# [INPUT RECORDS]
+++++

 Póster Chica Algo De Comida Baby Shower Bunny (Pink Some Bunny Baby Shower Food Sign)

+++++

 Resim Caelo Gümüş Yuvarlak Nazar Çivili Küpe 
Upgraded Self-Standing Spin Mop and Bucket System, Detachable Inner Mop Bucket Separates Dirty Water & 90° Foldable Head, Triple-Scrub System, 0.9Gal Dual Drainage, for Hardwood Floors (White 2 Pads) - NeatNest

+++++

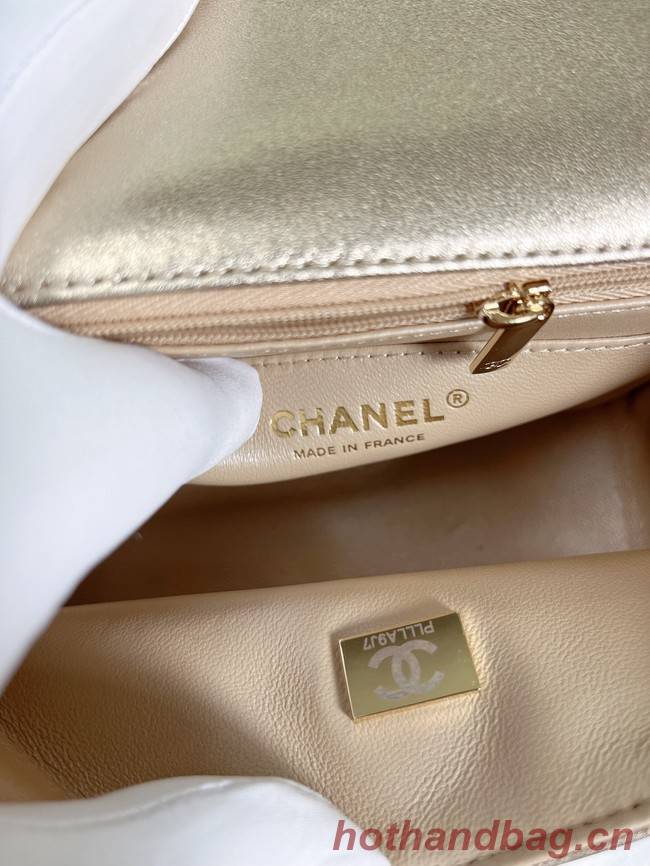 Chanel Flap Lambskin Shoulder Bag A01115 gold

+++++

# [THE TASK]
Copy exactly the stretch of data above from the line with "Resim Caelo Gümüş" through the line with "Upgraded Self-Standing Spin", and omit all other lines.

# [OUTPUT FOR THIS EXERCISE]
 Resim Caelo Gümüş Yuvarlak Nazar Çivili Küpe 
Upgraded Self-Standing Spin Mop and Bucket System, Detachable Inner Mop Bucket Separates Dirty Water & 90° Foldable Head, Triple-Scrub System, 0.9Gal Dual Drainage, for Hardwood Floors (White 2 Pads) - NeatNest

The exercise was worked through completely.